UK SUPREME COURT DECIDES ITS FIRST EVER NAUTICAL COLLISION CASE

In the first nautical collision case to come before it, the UK Supreme Court, in a judgement handed down on 19 February 2021, has allowed an appeal on (to use the words in the opening part of the judgement itself) “…two important questions of construction of the International Regulations for Preventing Collisions at Sea 1972 as amended (“the Collision Regulations”). Both questions relate to the application of the “crossing rules”, as set out in rules 15-17 of the Collision Regulations. These rules apply where two powerdriven vessels are crossing so as to involve a risk of collision. They require the vessel which has the other on her starboard side to keep out of the way (the “give-way vessel”) whilst the other vessel is required to keep her course and speed (the “standon vessel”). They are of cardinal importance to the safety of navigation”.

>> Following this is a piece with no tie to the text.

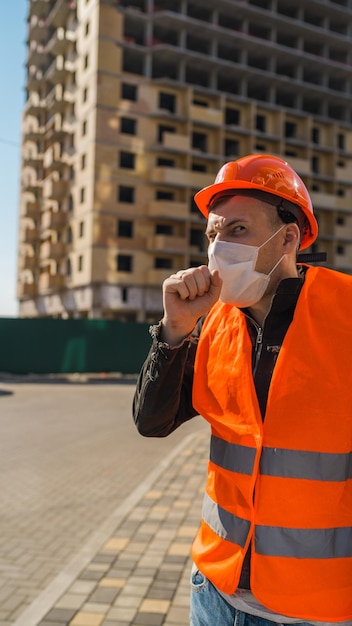 オーバーオールの男性建設労働者と建設中の家の背景に咳をする医療マスク感染の脅威の概念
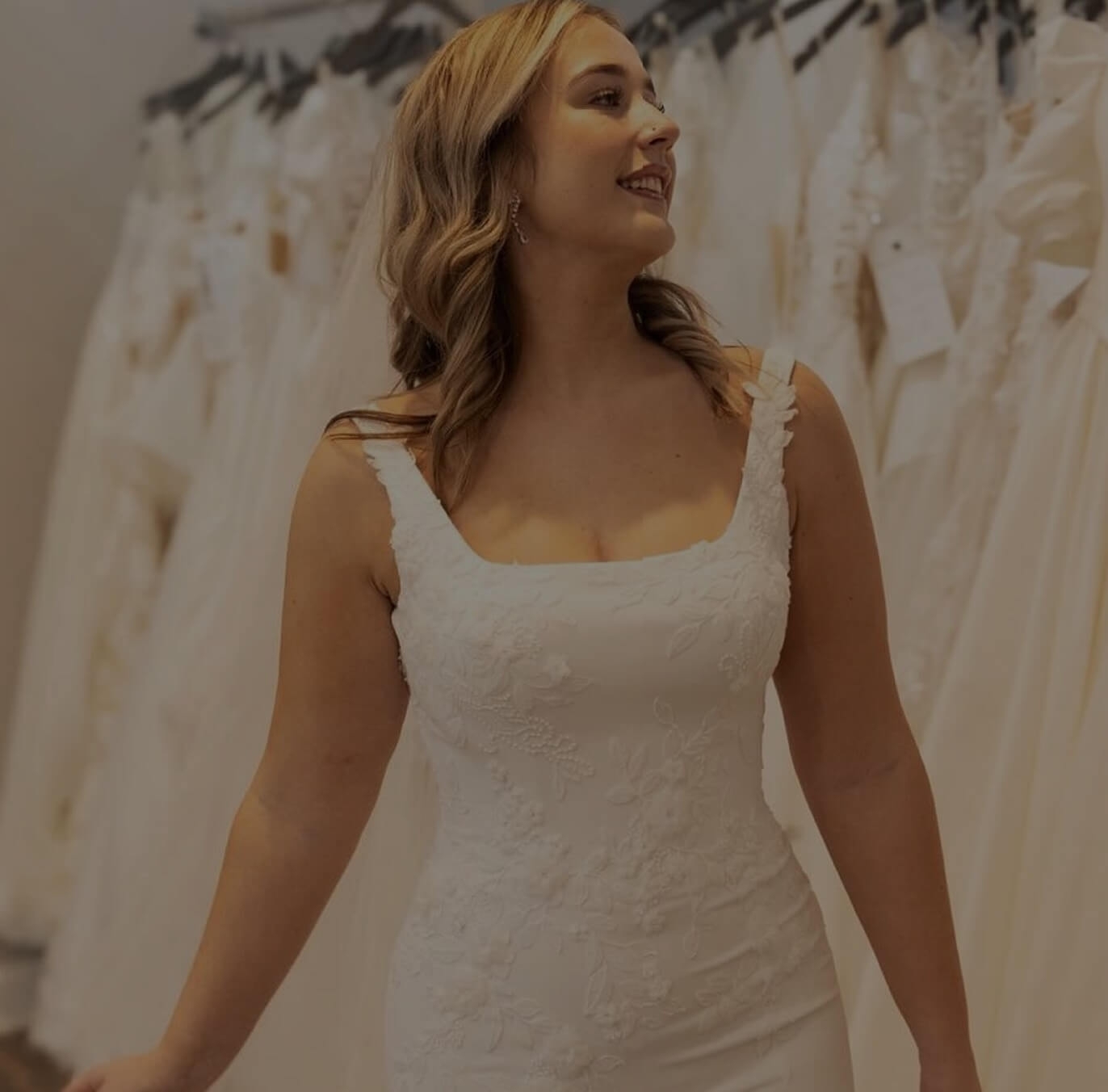 Model wearing a bridal suit. Mobile image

The case is Evergreen Marine (UK) Ltd v Nautical Challenge Ltd [2021] UKSC 6. The first instance decision had been delivered by Teare J in Nautical Challenge Ltd v Evergreen Marine (UK) Ltd [2017] EWHC 453 (Admlty), and it was subsequently upheld by the Court of Appeal (sub nom Evergreen Marine (UK) Ltd v Nautical Challenge Ltd [2018] EWCA Civ 2173).

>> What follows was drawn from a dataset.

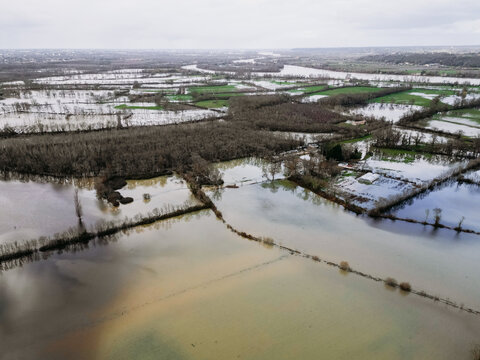Isle-Saint-Georges, France - 20 February 2026: Aerial view of a mosaic of flooded fields reflecting the somber sky, punctuated by the dark silhouettes of trees and the faint green of submerged crops.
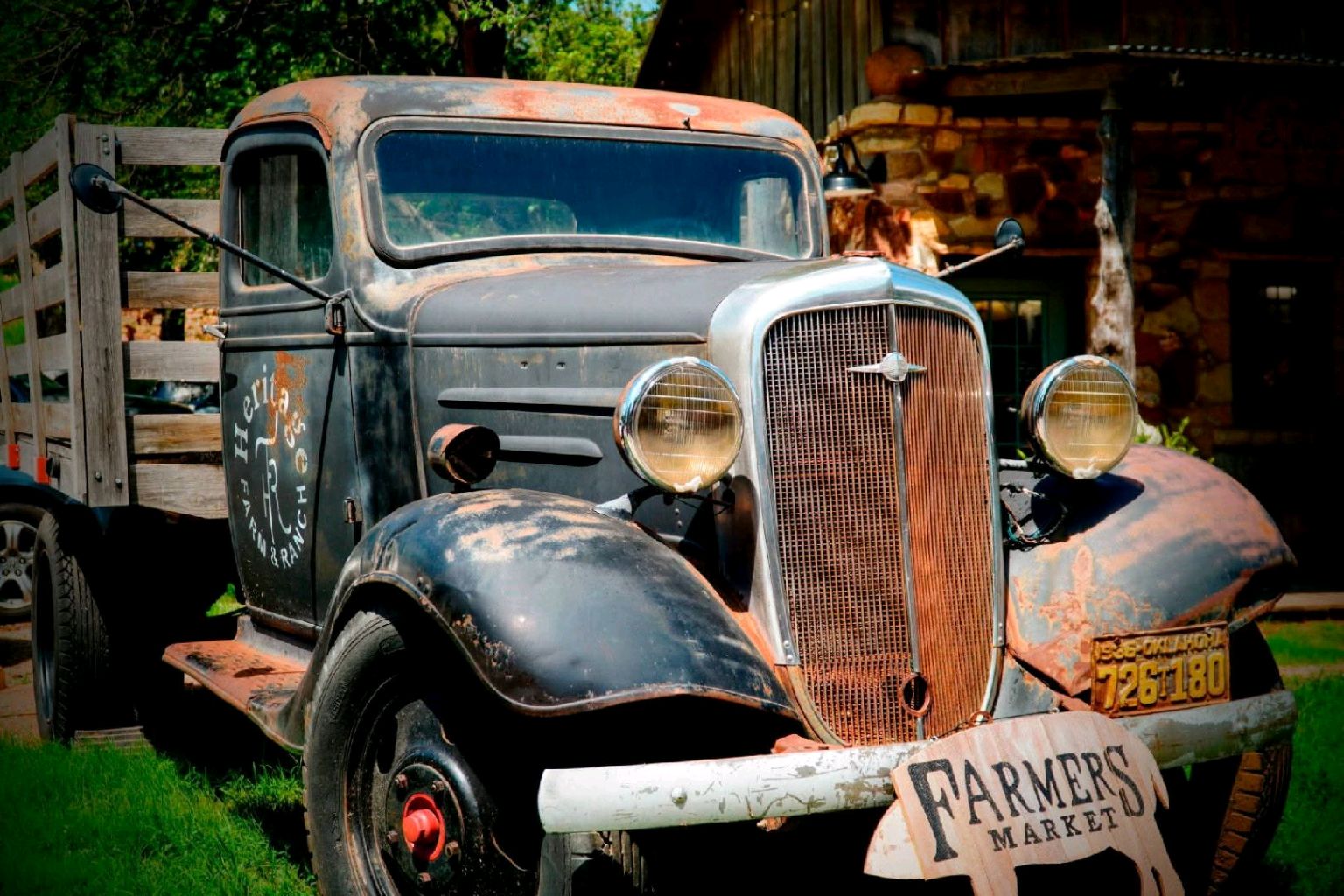 Antique farm truck parked beside a rustic Oklahoma building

The brief facts were these. A collision between Evergreen’s vessel (“Ever Smart”) and Nautical Challenge’s vessel (“Alexandra 1”) occurred on 11 February 2015 just outside the dredged channel by which vessels enter and exit the port of Jebel Ali in the UAE. Alexandra 1 was inbound; Ever Smart was outward bound. The damage suffered by Alexandra 1 amounted to over US$9.3 million and the damage suffered by Ever Smart amounted to over US$2.5 million.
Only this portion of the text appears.